You are viewing a plain text version of this content. The canonical link for it is here.
Posted to issues@beam.apache.org by "Robert Burke (JIRA)" <ji...@apache.org> on 2019/04/01 18:11:00 UTC

[jira] [Comment Edited] (BEAM-6745) Cannot run pipeline on Dataflow (GO SDK)

    [ https://issues.apache.org/jira/browse/BEAM-6745?page=com.atlassian.jira.plugin.system.issuetabpanels:comment-tabpanel&focusedCommentId=16779662#comment-16779662 ] 

Robert Burke edited comment on BEAM-6745 at 4/1/19 6:10 PM:
------------------------------------------------------------

There's no *dataflow side* documentation of the SDK, or any statements of support that I'm aware of. At present, if you use the Go SDK on Dataflow, you do so at your own risk. While Google does fund some work on Apache Beam, the Go SDK not currently among the set of things that are being maintained at production quality on Dataflow. ergo, things will break, documentation will become stale.

It's a quirk of portability that it enables "unofficial" language SDK support on any compatible runner.
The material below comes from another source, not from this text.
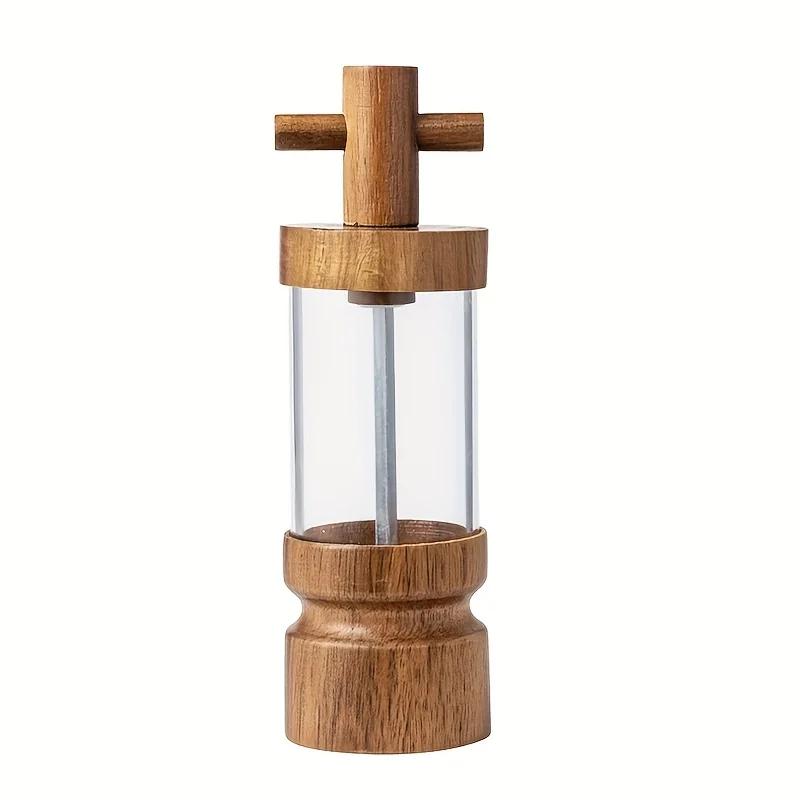 Acacia Wood Manual Black Pepper Grinder Adjustable Coarseness Transparent Acrylic Spice Bottle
However, there's nothing guaranteeing this, and there's no effort to maintain anything around it, (as determined by this bug).
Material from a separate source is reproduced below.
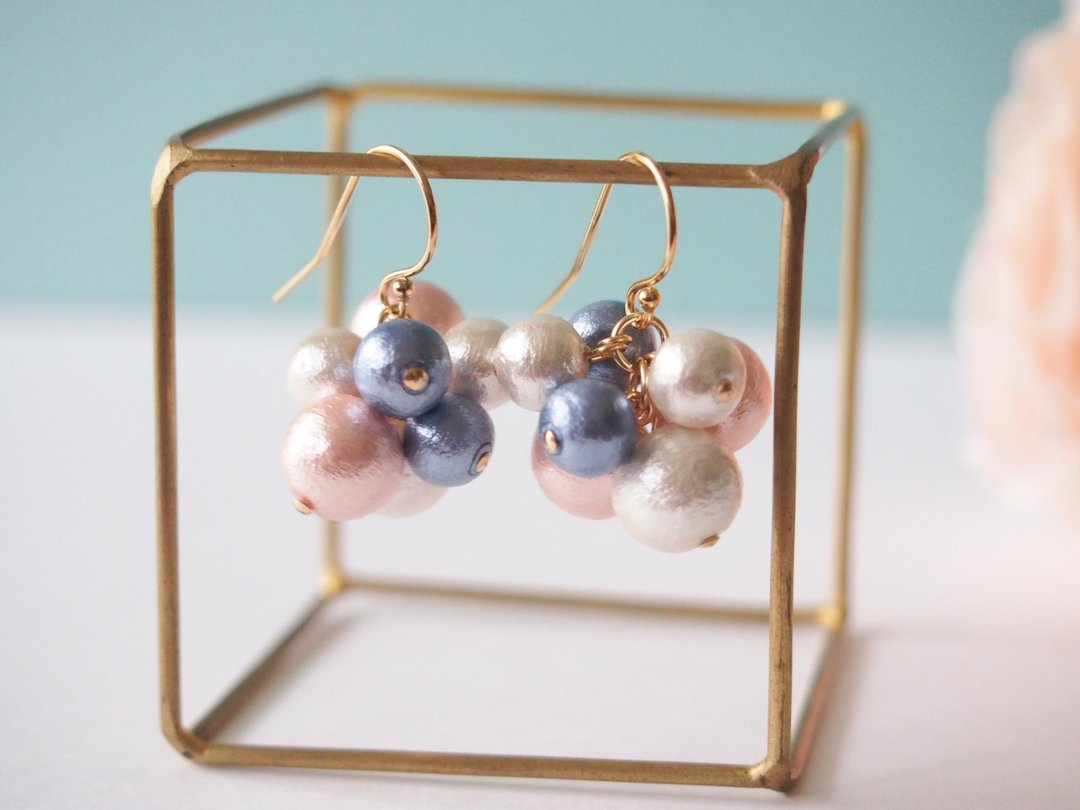 [14kgf] cotton pearl pierce Ⅲ - 耳环/耳夹 - 其他材质 蓝色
Official support would include be the version of the dataflow library to provide a compatible, versioned SDK container, without users ever needing to specify anything, and that tests for certain versions of the SDK run successfully against the service and similar. 

In short, it's a matter of it Can run on dataflow, but not necessarily that folks should use it.

I'm hoping to be able to change that, but I can't speak to any timelines at present.

Edit: I think the point I'm trying to make here is that the Go SDK tries to support Dataflow, but that Dataflow, as a paid service, doesn't support the Go SDK, as there are certain expectations once money gets involved. 

 


was (Author: lostluck):
There's no *dataflow side* documentation of the SDK, or any statements of support that I'm aware of. At present, if you use the Go SDK on Dataflow, you do so at your own risk. While Google does fund some work on Apache Beam.

It's a quirk of portability that it enables "unofficial" language SDK support on any compatible runner. However, there's nothing guaranteeing this, and there's no effort to maintain anything around it, (as determined by this bug).

Official support would include be the version of the dataflow library to provide a compatible, versioned SDK container, without users ever needing to specify anything, and that tests for certain versions of the SDK run successfully against the service and similar. 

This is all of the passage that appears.